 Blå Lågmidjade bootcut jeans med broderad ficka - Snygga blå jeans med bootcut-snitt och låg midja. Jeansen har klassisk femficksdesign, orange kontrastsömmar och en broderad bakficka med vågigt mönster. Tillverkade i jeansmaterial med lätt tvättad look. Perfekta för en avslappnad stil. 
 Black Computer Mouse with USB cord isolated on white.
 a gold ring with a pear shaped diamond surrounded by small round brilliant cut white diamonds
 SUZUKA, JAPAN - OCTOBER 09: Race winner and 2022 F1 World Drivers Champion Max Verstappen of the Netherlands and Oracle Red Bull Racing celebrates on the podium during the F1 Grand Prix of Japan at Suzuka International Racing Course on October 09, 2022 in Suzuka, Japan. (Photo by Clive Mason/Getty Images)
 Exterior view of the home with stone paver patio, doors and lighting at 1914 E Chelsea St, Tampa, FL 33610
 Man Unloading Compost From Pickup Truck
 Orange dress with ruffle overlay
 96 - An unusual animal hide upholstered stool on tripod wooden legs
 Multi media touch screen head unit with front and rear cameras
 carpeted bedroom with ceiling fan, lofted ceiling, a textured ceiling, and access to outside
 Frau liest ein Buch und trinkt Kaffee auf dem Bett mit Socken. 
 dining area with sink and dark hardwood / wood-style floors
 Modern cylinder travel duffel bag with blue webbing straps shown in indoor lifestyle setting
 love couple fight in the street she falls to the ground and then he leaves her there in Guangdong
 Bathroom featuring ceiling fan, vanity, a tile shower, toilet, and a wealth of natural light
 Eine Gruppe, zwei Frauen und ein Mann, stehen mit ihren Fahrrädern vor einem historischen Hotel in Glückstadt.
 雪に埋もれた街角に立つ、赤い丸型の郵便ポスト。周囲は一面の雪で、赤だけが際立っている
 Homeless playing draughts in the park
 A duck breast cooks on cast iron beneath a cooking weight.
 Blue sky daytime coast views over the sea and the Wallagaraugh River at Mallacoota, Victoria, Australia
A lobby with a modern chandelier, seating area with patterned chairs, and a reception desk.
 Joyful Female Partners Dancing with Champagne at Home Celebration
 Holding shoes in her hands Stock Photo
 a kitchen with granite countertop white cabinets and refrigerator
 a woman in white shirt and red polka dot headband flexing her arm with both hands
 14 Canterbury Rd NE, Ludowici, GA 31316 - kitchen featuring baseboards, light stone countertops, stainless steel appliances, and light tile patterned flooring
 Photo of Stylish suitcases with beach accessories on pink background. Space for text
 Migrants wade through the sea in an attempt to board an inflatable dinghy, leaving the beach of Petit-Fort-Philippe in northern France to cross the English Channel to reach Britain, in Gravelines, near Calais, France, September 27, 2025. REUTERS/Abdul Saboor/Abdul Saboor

What needs to be done: So that nothing is lost, please reproduce each entry exactly as written.

Solution to this problem:
 Blå Lågmidjade bootcut jeans med broderad ficka - Snygga blå jeans med bootcut-snitt och låg midja. Jeansen har klassisk femficksdesign, orange kontrastsömmar och en broderad bakficka med vågigt mönster. Tillverkade i jeansmaterial med lätt tvättad look. Perfekta för en avslappnad stil. 
 Black Computer Mouse with USB cord isolated on white.
 a gold ring with a pear shaped diamond surrounded by small round brilliant cut white diamonds
 SUZUKA, JAPAN - OCTOBER 09: Race winner and 2022 F1 World Drivers Champion Max Verstappen of the Netherlands and Oracle Red Bull Racing celebrates on the podium during the F1 Grand Prix of Japan at Suzuka International Racing Course on October 09, 2022 in Suzuka, Japan. (Photo by Clive Mason/Getty Images)
 Exterior view of the home with stone paver patio, doors and lighting at 1914 E Chelsea St, Tampa, FL 33610
 Man Unloading Compost From Pickup Truck
 Orange dress with ruffle overlay
 96 - An unusual animal hide upholstered stool on tripod wooden legs
 Multi media touch screen head unit with front and rear cameras
 carpeted bedroom with ceiling fan, lofted ceiling, a textured ceiling, and access to outside
 Frau liest ein Buch und trinkt Kaffee auf dem Bett mit Socken. 
 dining area with sink and dark hardwood / wood-style floors
 Modern cylinder travel duffel bag with blue webbing straps shown in indoor lifestyle setting
 love couple fight in the street she falls to the ground and then he leaves her there in Guangdong
 Bathroom featuring ceiling fan, vanity, a tile shower, toilet, and a wealth of natural light
 Eine Gruppe, zwei Frauen und ein Mann, stehen mit ihren Fahrrädern vor einem historischen Hotel in Glückstadt.
 雪に埋もれた街角に立つ、赤い丸型の郵便ポスト。周囲は一面の雪で、赤だけが際立っている
 Homeless playing draughts in the park
 A duck breast cooks on cast iron beneath a cooking weight.
 Blue sky daytime coast views over the sea and the Wallagaraugh River at Mallacoota, Victoria, Australia
A lobby with a modern chandelier, seating area with patterned chairs, and a reception desk.
 Joyful Female Partners Dancing with Champagne at Home Celebration
 Holding shoes in her hands Stock Photo
 a kitchen with granite countertop white cabinets and refrigerator
 a woman in white shirt and red polka dot headband flexing her arm with both hands
 14 Canterbury Rd NE, Ludowici, GA 31316 - kitchen featuring baseboards, light stone countertops, stainless steel appliances, and light tile patterned flooring
 Photo of Stylish suitcases with beach accessories on pink background. Space for text
 Migrants wade through the sea in an attempt to board an inflatable dinghy, leaving the beach of Petit-Fort-Philippe in northern France to cross the English Channel to reach Britain, in Gravelines, near Calais, France, September 27, 2025. REUTERS/Abdul Saboor/Abdul Saboor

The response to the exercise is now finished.